The case is People in the Interest of A.T.S.
EMINENT DOMAIN
The principle of eminent domain empowers governments to take possession of private property for public use, so long as they provide proper compensation. There are two phases to such proceedings in Colorado: a ruling on the governmental entity’s ability to possess the property and a trial to determine the compensation amount.
Last year, the Arrowhead Colorado Metropolitan District filed a petition to condemn property owned by the Roxborough Park Foundation, which controls and maintains common areas within Roxborough Park.

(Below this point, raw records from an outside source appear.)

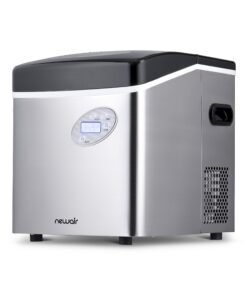 Newair Portable Ice Maker 50 lb. Daily, 12 Cubes in Under 7 Minutes - Compact Countertop Design - 3 Size Bullet Shaped Ice - for Kitchen/Office/RV/Bar - Stainless Steel 31 71zZMnoB ZL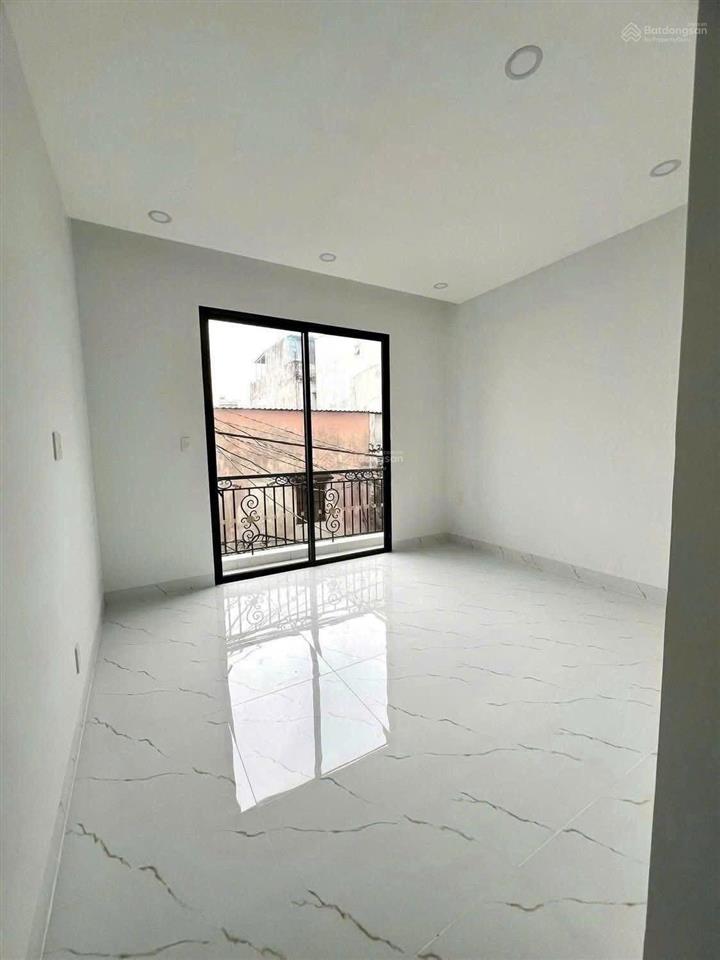 Nhà mới xây hẻm bình tiên 4x12.7 1 trệt 2 lầu 1t 4pn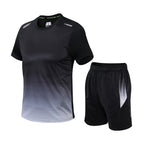Herren Sportset mit Kurzarmshirt und Shorts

A private company that owns a 35-acre parcel formed the metropolitan district to create infrastructure for a proposed “Nordic spa.”
The foundation quickly sought to obtain evidence before the decision on possession of the land. The request encompassed design documents, studies, and communications between the metropolitan district and the private company.
In December, District Court Judge Ben Leutwyler blocked the request for evidence. He concluded the rules governing civil cases “make no provision for discovery in a condemnation action prior to the immediate possession hearing or otherwise.”
The Roxborough Park Foundation turned to the Supreme Court. Without the justices’ intervention, the foundation argued, the metropolitan district could take possession of the property and alter it immediately, and the foundation could only appeal that decision after the eventual trial for compensation. Moreover, no prior court case has addressed whether a landowner has the right to the discovery of evidence before a possession decision.
“Without discovery, the Foundation must rely solely on information the District has chosen to make public, and evidence it might cobble together from sources like third-party subpoenas and open records requests,” wrote the foundation’s lawyers. “The court’s denial of all discovery effectively precludes the Foundation from exercising its constitutional and statutory right to challenge the attempted condemnation.”
The Supreme Court directed the Arrowhead Colorado Metropolitan District to explain why it should not reverse Leutwyler’s order.
The case is Arrowhead Colorado Metropolitan District v. Roxborough Park Foundation et al.